The Shanghai-based company, founded in 2016, develops cell-based therapy technologies to treat cancer. Investors are drawn by the potential of JW Therapeutics’ main technology, Chimeric Antigen Receptor T-Cell Immunotherapy, or CAR T-cell therapy, a type of treatment in which a patient's immune cells are taken from the blood and then genetically modified in the laboratory so they will attack cancer cells. These treatments have captured the attention of researchers and investors because of the remarkable responses they have produced in cancer patients.

With an aging population, an increasing number of cancer patients and rising disposable income, Chinese cancer patients are more willing and able to pay for more expensive innovative treatments, consulting firm Frost & Sullivan said. China’s CAR T-cell therapy market is expected to grow nine-fold from 600 million yuan ($86.5 million) in 2021 to 5.4 billion yuan in 2024, Frost & Sullivan estimated.

The U.S. Food and Drug Administration approved two CAR T-cell therapies in 2017. One is Novartis International AG’s Kymriah for the treatment of children with acute lymphoblastic leukemia, which generated $278 million of revenue in 2019. The other is Gilead Sciences Inc.’s Yescarta for adults with advanced lymphomas, which had $456 million of sales last year.

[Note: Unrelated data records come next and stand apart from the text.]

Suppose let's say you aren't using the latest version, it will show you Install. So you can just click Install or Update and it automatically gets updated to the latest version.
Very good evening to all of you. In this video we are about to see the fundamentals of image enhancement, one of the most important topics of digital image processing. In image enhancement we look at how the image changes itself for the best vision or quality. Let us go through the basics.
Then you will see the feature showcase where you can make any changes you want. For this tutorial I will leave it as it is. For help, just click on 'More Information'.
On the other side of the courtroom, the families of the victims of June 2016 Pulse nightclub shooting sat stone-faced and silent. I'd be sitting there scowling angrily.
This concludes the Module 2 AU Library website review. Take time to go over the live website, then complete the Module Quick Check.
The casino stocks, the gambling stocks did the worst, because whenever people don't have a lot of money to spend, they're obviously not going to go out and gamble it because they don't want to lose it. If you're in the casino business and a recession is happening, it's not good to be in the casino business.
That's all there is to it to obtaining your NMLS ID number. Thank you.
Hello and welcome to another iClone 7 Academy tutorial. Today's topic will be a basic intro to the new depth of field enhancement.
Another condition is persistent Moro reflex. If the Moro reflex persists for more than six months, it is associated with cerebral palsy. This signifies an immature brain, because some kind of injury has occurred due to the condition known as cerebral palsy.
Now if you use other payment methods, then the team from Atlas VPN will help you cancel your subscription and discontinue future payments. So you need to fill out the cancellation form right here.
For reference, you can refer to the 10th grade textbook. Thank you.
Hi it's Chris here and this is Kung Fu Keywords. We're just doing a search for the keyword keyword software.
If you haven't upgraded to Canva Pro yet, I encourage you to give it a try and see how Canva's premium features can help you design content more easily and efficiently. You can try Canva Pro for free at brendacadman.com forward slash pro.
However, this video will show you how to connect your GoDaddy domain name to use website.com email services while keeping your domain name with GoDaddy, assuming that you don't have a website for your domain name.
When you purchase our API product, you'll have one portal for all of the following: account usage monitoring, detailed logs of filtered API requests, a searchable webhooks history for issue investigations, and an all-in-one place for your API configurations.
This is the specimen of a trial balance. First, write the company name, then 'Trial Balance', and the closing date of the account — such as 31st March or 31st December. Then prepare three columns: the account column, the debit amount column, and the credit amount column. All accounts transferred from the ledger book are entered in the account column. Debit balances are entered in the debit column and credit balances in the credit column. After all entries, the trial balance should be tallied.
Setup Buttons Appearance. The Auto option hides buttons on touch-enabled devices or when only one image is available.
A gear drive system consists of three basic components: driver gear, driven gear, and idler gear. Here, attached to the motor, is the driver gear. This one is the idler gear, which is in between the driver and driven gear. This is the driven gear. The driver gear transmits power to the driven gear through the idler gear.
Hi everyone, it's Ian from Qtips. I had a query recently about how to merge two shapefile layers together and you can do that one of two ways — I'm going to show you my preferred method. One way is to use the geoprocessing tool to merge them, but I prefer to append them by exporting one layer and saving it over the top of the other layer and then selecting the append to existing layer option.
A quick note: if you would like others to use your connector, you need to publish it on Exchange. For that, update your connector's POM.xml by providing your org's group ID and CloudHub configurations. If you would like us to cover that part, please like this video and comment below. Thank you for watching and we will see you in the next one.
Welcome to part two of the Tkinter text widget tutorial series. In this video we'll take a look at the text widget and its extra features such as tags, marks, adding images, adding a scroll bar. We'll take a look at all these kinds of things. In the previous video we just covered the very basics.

Juno owns a 26% stake in the joint venture, while WuXi AppTec owns 14.2%. Other investors include Chinese private equity firms Loyal Valley Capital, CPE and Sequoia Capital China, Singapore’s Temasek, South Korean investment firm Mirae Asset Financial Group and U.S.-based venture capital firm ARCH Venture Partners. In June, the company closed a $100 million series-B round of financing after a $168 million first round of financing last year.

JW has seven drug candidates in its pipeline, none of which has reached the commercialization stage. In June, the company submitted a new drug application for a lymphoma treatment to the National Medical Products Administration of China.

In the first half of 2020, the company had a net loss of 650 million yuan. JW said it expects operating losses to increase over the next few years as a result of continued preclinical research, clinical trials and the need to hire additional staff.